DATA SHOWN:
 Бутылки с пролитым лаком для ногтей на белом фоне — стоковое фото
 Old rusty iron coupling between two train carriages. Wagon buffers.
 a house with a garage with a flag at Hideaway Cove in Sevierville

==

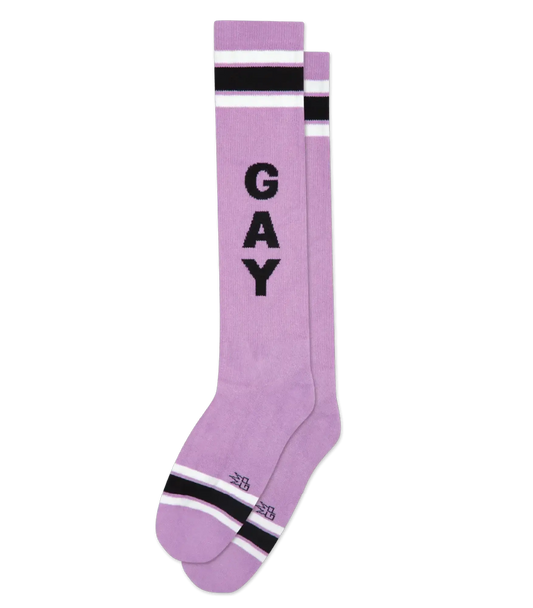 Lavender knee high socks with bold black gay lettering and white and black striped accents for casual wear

ABOUT THIS TASK: Give only the lines from the one holding "Old rusty iron" through the one holding "a house with", each restated exactly as it appears above.

ANSWER FOR THE TASK:
 Old rusty iron coupling between two train carriages. Wagon buffers.
 a house with a garage with a flag at Hideaway Cove in Sevierville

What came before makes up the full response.